How To Live: A Search for Wisdom
From Old People (While They Are Still on This Earth)
By Henry Alford
Twelve, 262 pages, $23.99
The cover of Henry Alford’s margarine-flavored book of old people’s advice starts with the misleading title, How to Live, continues with a picture of a wrinkly pooch, then hits with the sub–Hallmark Channel subtitle, A Search for Wisdom From Old People (While They Are Still on This Earth). Fans of Mr. Alford’s droll pieces about ex-boyfriends or Manhattan sidewalks in The New Yorker, Vanity Fair and The Times will be sad to hear that things only get worse from there.
The problem isn’t that Mr. Alford is sanctimonious or heavy-handed—although he does describe being moved to tears by the brave generosity of a heavyset Katrina victim whose “blazing smile could light a small country.” The trouble is the book’s thick coating of high-fructose smiley syrup. How to Live reads like a coworker’s coffee mug epigram. In fact, the concluding interview is with epigrammist Ashleigh Brilliant, a man who shares sentences like “Let’s love one another, and get it over with.” Any work on wisdom that quotes Mr. Brilliant, Phyllis Diller and Harold Bloom is going to be either uproariously awesome or as terrifying as Chicken Soup for the Scrapbooker’s Soul.
HOW TO LIVE IS not about how to live. It’s not even about how to live as an old person. It’s 262 pages of either eccentric or moderately well-known elderly folk (an activist here, the author’s troubled stepfather there, with an “Alaskan native wisdom keeper” thrown in for good measure) sharing truisms—which by their nature are already widely known.
To his credit, Mr. Alford also stirs in some quotes from poetry and academic research. But whenever he gets onto something sharp, like Graham Greene’s dreams or 19th-century postmortem photography, he pivots to, say, listing famous last words (“Indian chief Crowfoot said, “A little while and I will be gone from you. From whither I cannot tell …”) or quoting his boyfriend’s notes about their recently deceased 17-year-old cat, Hot Rod. Boyfriend Greg offers that “Hot Rod avoided the cat clichés,” before writing, as if picking cat clichés out of a hat, “Hot Rod was the runt of his litter. … He expected life to caress him, and it did. … As he settled into maturity, with its attendant corpulence, he discovered the superior satisfactions of inertia.”
If all this sounds like it could be from an article in AARP The Magazine, that’s because Mr. Alford, as he discloses, once wrote an article about the wisdom of our elders for the American Association of Retired Persons. What’s more, he reveals that “certain of the authorities and VIPs” who turned him down for book interviews had been willing to participate when he was working on the magazine piece.

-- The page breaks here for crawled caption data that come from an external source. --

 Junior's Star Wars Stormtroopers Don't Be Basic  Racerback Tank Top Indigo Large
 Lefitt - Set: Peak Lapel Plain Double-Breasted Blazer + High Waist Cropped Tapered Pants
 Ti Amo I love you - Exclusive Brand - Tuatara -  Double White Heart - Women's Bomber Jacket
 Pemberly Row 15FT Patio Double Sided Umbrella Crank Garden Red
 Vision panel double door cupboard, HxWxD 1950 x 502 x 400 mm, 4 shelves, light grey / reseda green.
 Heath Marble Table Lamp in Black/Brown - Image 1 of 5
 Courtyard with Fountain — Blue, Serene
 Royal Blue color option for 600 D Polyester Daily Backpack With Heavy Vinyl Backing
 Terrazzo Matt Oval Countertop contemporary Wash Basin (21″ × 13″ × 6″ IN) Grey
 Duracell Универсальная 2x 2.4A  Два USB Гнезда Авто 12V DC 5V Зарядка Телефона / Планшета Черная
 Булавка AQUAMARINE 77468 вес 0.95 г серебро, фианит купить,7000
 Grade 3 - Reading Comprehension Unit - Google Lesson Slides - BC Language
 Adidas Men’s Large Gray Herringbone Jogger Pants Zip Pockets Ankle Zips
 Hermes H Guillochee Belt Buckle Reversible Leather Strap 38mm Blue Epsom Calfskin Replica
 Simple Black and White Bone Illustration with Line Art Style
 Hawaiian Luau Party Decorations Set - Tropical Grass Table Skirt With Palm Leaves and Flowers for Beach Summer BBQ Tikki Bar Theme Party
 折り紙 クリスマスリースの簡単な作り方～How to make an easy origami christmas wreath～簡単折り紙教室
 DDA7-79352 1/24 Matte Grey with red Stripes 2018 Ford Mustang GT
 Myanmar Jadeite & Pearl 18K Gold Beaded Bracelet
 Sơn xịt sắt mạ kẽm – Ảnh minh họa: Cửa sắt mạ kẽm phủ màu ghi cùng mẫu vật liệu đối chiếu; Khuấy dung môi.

For the book, his best gets are Mr. Bloom, who, despite (or because of) the fact that he himself has written a treatise on wisdom, mostly offers that age has given him a “healthier respect and affection” for his wife; Edward Albee, who provides a heroically acidic interview; and Baba Ram Das, author of the ’70s best seller Be Here Now, who’s less acidic than uninterested.
Then there’s Mr. Alford’s endearingly eccentric mother, Ann, and her less-endearingly eccentric husband (the author’s stepfather). A crisis strikes soon after the three sit down to talk about wisdom, and good old Ann decides to leave her husband. The story of what happens afterward is, by far, the best part of How to Live.
MR. ALFORD BEGINS HIS book optimistic about spending time with “as many fascinating senior citizens as I can.” (The first chapter describes old people as libraries of knowledge: “I want borrowing privileges for the rest of my life. … And, oh, how some oldsters can talk.”) But halfway through, though still smiley, our author gets bored. “Somehow,” he admits, “rather than engaging me more fully, all of this contrary information had the effect of making me want to take a long nap.”
By the end, just before Ashleigh Brilliant pops up, our author is asking for witty aphorisms via email from elderly people he met on a Nation magazine cruise. That doesn’t work, so he cold-calls “senior centers and senior-friendly organizations.” That doesn’t work, either, so he heads to a famous Miami Beach deli—but, “sadly, the sidewalk in front of the restaurant was being repaired.”